**What is needed:**
In this exercise, print only the lines of the records below from the one with "Off-White T-shirt 6" through the one with "startersitesolutions.com", inclusive. Pictures are not part of the copy.

═════ Source material ═════

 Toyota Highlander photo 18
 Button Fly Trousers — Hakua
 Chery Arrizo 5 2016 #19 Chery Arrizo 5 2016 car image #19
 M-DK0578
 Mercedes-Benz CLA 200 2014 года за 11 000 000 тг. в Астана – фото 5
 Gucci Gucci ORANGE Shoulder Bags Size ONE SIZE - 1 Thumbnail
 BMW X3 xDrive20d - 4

═════
═════ Source material ═════

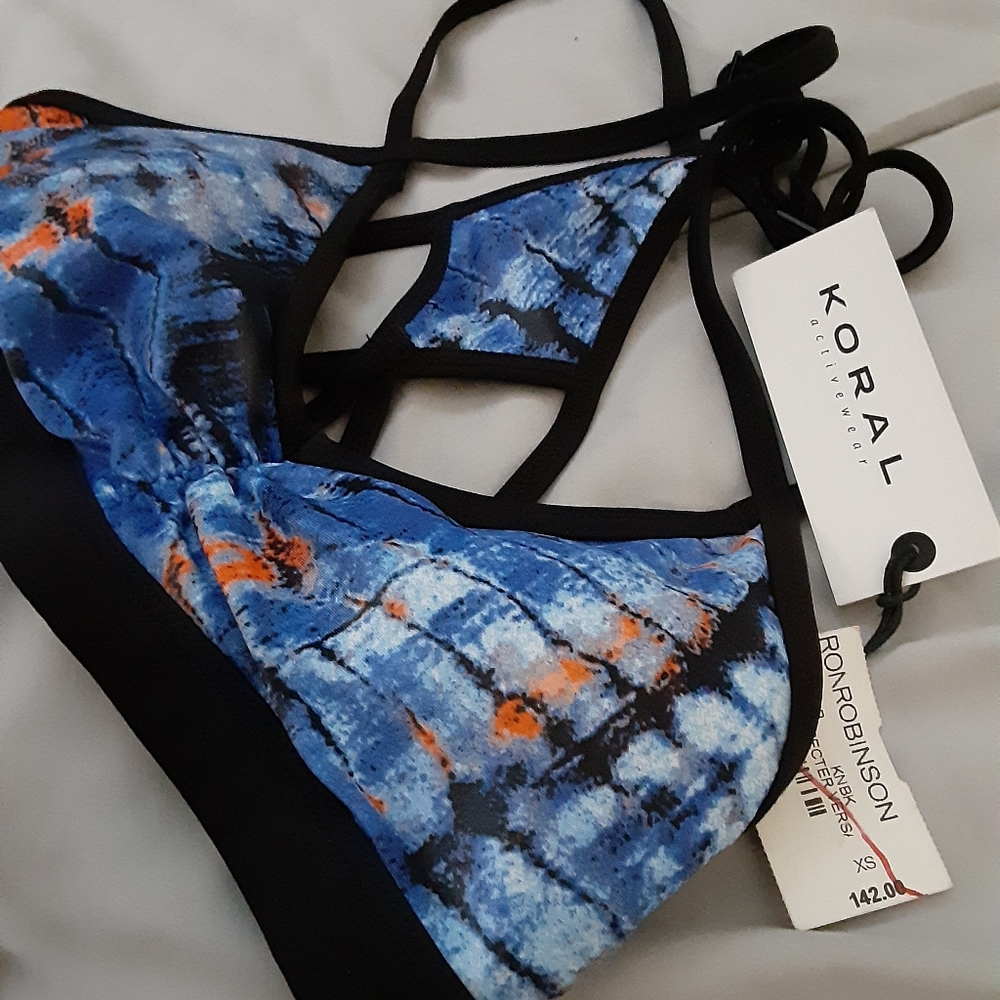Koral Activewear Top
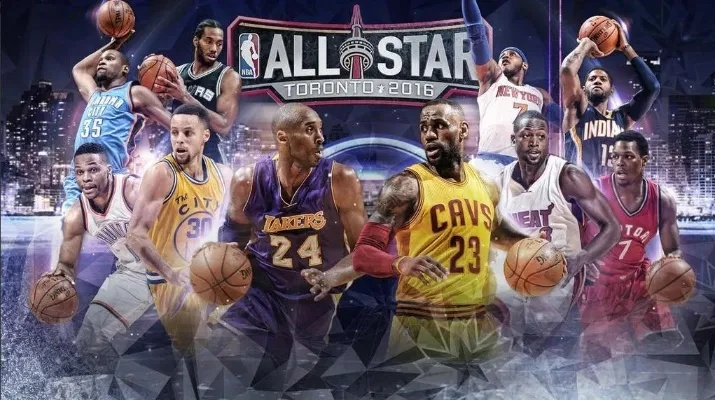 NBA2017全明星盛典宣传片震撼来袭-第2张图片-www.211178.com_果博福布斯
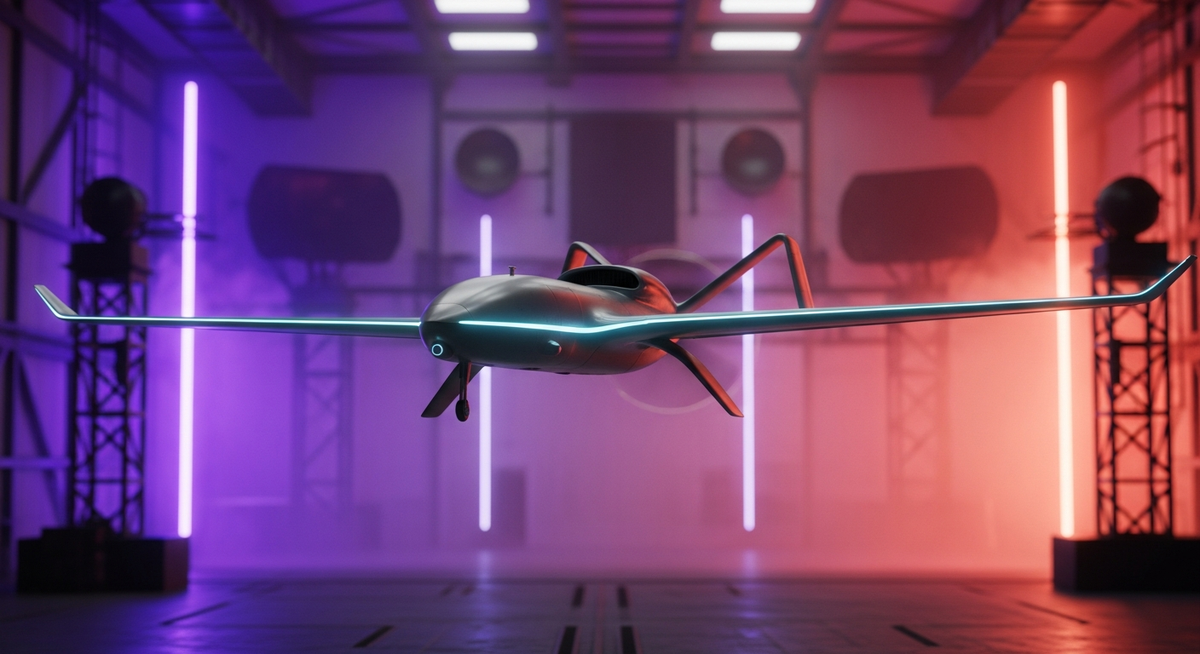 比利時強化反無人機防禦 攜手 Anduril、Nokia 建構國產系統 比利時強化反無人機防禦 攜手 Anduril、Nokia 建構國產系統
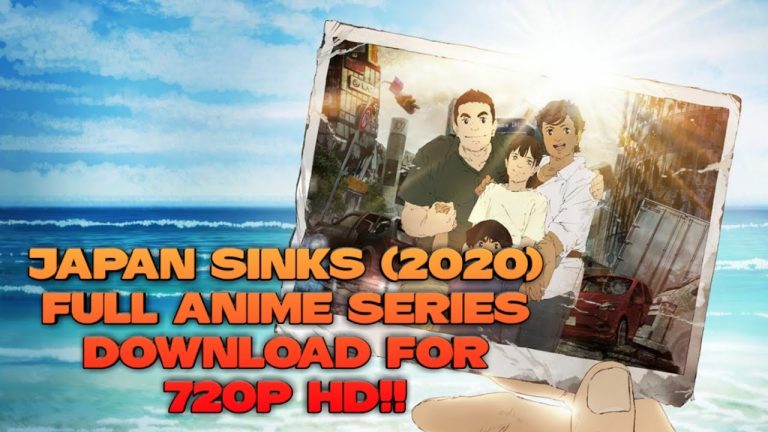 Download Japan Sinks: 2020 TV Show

═════
═════ Source material ═════

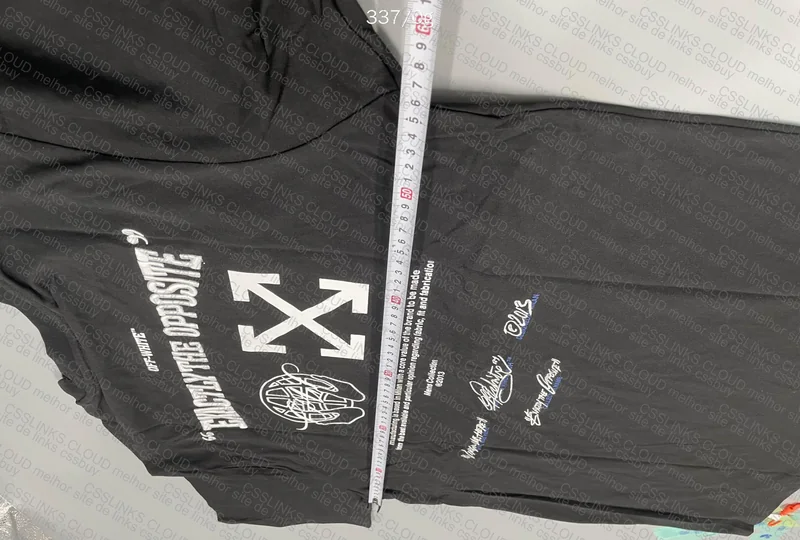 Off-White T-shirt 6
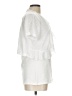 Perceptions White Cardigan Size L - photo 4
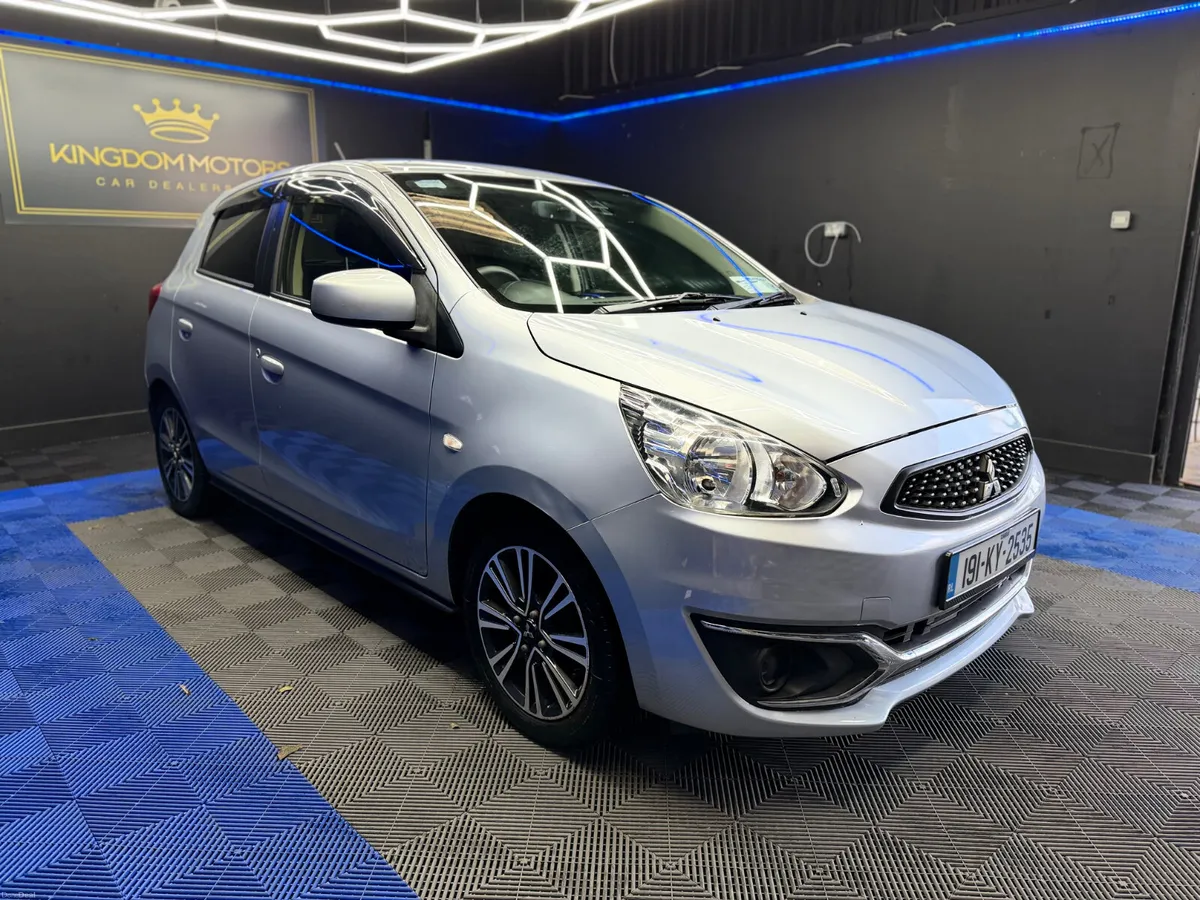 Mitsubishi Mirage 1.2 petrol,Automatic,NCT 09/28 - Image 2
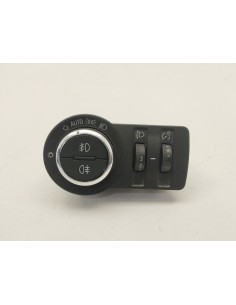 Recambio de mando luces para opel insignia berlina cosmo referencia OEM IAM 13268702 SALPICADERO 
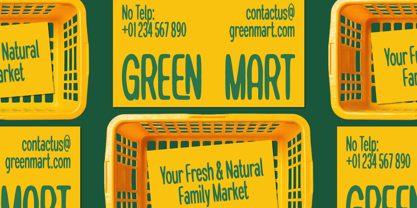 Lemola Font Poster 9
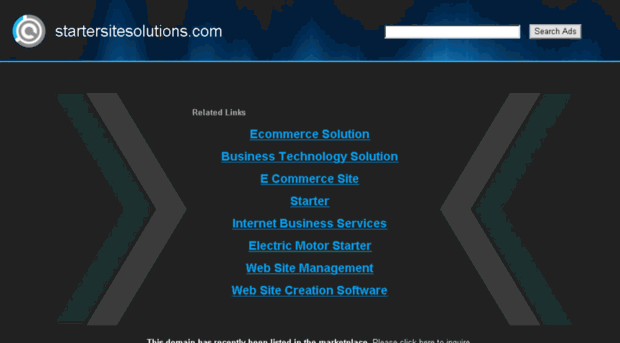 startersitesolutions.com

═════

**Answer area:**
 Off-White T-shirt 6
 Perceptions White Cardigan Size L - photo 4
 Mitsubishi Mirage 1.2 petrol,Automatic,NCT 09/28 - Image 2
 Recambio de mando luces para opel insignia berlina cosmo referencia OEM IAM 13268702 SALPICADERO 
 Lemola Font Poster 9
 startersitesolutions.com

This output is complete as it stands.